Professor Nasr, what’s your overall impression of the election results?
VALI NASR: Well, I think it’s a good day for the Shiites and the Kurds, but it’s not a good day for Iraq as a whole because the elections have highlighted rather than erased sectarian divisions in Iraq. What we’ve ended up in the parliament is not a parliament of political parties but essentially two communities that now dominate over 70 percent of the parliament.
RAY SUAREZ: Professor Ajami, what do you make of it?
FOUAD AJAMI: Well, Ray, the view I suppose here from New York is that this is a very good day for all Iraqis. In fact the story we led with from Beirut the murder of former Prime Minister Rafik al-Hariri tells us what the alternative is. Arabs know too well the spectacle of crimes, the spectacle of assassinations.

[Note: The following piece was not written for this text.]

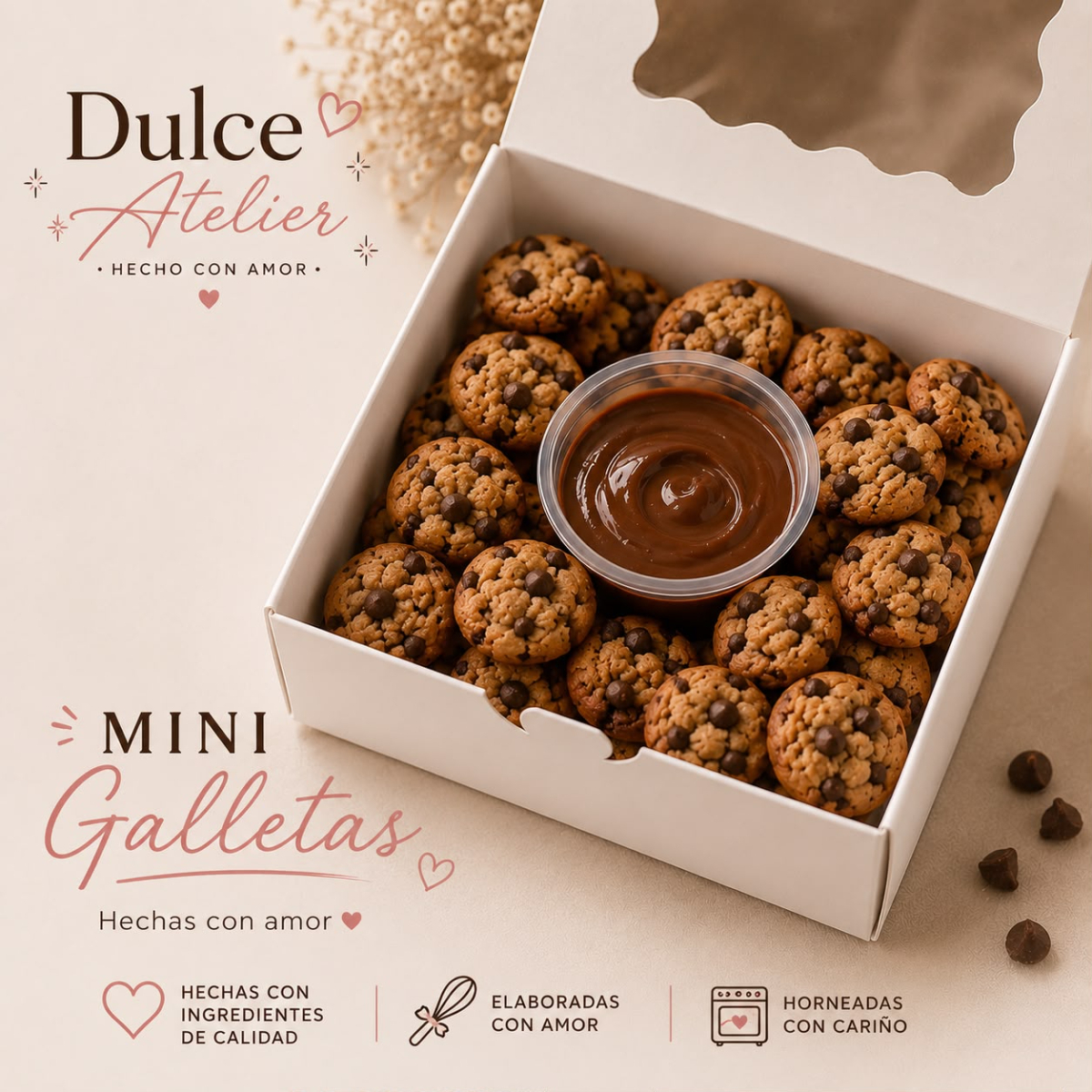 Mini Galletas con Chispas de Chocolate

Now the spectacle of ballots being counted and the spectacle of people bargaining over seats in the national assembly and the spectacle of a country in fact beginning to apportion power, that’s a new thing. I think it’s a good day for all Iraqis. The Sunnis have a chance to come in. They will be invited in. They will come in. But for now we must hail this day as a signal day in Iraqi history.
RAY SUAREZ: How do you respond to Professor Nasr’s critique that you have a very small number of parties dominating almost all the seats in the new assembly?
FOUAD AJAMI: Well, I think we know that’s true but if you take a look at the results I mean if you look at the so-called Shia victory it wasn’t sweeping. It was less than 50 percent. If you take look at the role of the Kurds, the Kurds are secular. The Kurds are liberal. The Kurds have enormous experience building a homeland for the last fourteen, fifteen years under Anglo American protection.
And they will bring all this to them –with them to this process. Even Prime Minister Allawi didn’t do so poorly. He has 40 seats. And it is really parliamentary politics at its best. Again and again, we are talking about the Sunnis. In our piece we showed Adnan Pachachi complaining about the process not being inclusive. Pachachi was on the ballot. He won one seat, himself. He had no coattails; so it’s really — we must give this political process its time.
RAY SUAREZ: Professor Nasr, why don’t you respond to that, that idea that the Shia victory though decisive was not sweeping. They may still need other parties in the parliament to govern.
VALI NASR: Well, that’s true. And actually the practice of voting has been important for Iraq and the Arab world. But the reality is that the Shia vote does not represent a political party’s victory in the parliament, the Shiites voted for a communal bloc that was supported by Ayatollah Sistani in order to protect Shiites’ position in Iraq.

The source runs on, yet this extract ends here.